Macron’s party buries French establishment » Manila Bulletin News




Paris, France— President Emmanuel Macron continued bulldozing France’s political establishment as his upstart La République en Marche! (LREM) party topped Sunday’s first-round legislative vote and appeared poised to claim a historic majority in parliament.

President Emmanuel Macron

Based on the first-round results, candidates from Macron’s LREM, a political party that barely existed one year ago, were projected to take between 415 and 445 seats in the 577-seat National Assembly next week. It would represent the largest parliamentary majority for a single party in France since the end of World War II.

The LREM party won 32.32 percent of all votes, according to official final results published by the French Interior Ministry, in an election that was also marked by a record-high abstention of 51.29 percent. The mainstream conservative Les Républicains party finished the night in second place with 21.56 percent support. They were projected to win between 70 and 110 seats in the next Assembly according to a projection by Ipsos for FRANCE 24.

Les Républicains leaders, who only weeks ago felt confident about securing a majority in parliament, acknowledged the “disappointing” results. Other established political camps, left angling for what appeared would be a paltry number of seats, also had little to celebrate.
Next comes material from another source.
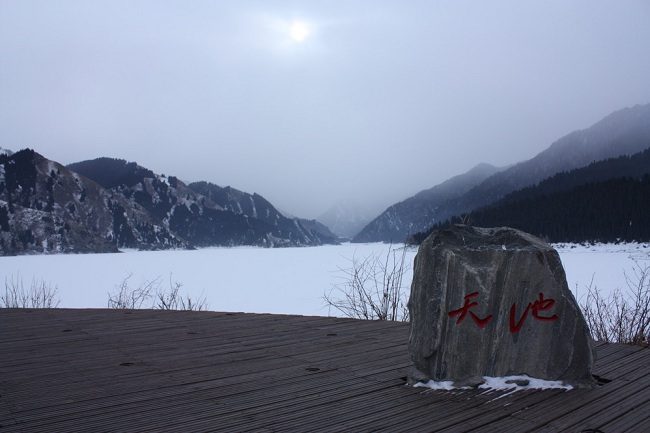 新疆旅游:天山天池冬季雪景,影视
Despite half of French voters having chosen not to cast a ballot, Prime Minister Edouard Philippe said they had delivered an “unambiguous” message on Sunday. “Millions of you have confirmed your attachment to the president of the Republic’s project of renewal, unification and re-conquest,” Philippe declared in a statement.
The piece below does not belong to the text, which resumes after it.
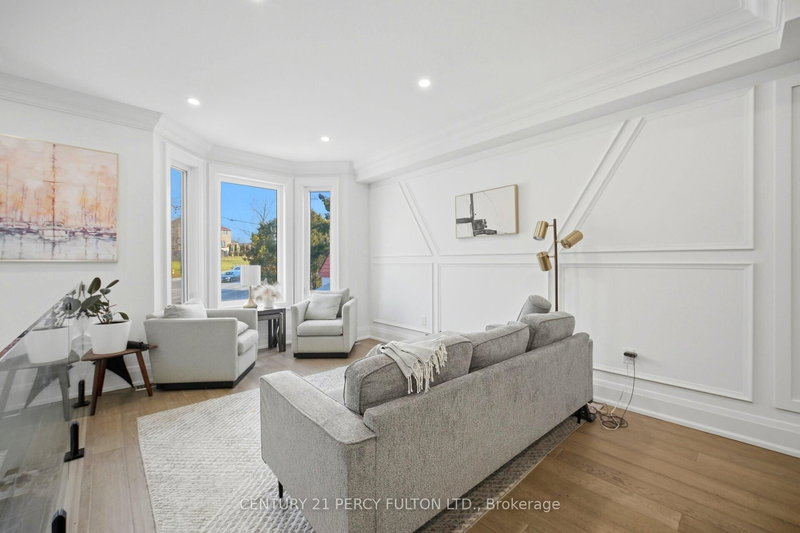 195 Danforth Rd, Toronto, M1L 3X1 | Image 3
Voters will return to the ballot box for the second round of the legislative poll on June 18, with public opinion experts expecting participation to improve slightly.

Participation in French parliamentary elections has been in free fall over the past three decades. The year 1978 saw the highest participation in a first-round legislative vote, with 83.3 percent of voters casting a ballot. The lowest turnout – until now – was in 2012, when only 57.2 percent of voters participated.

Far-right leader Marine Le Pen put on a brave face in front of the cameras on election night and trumpeted her own first-place score in the northern constituency she is vying to represent. But her National Front (FN) party was staring at yet another defeat.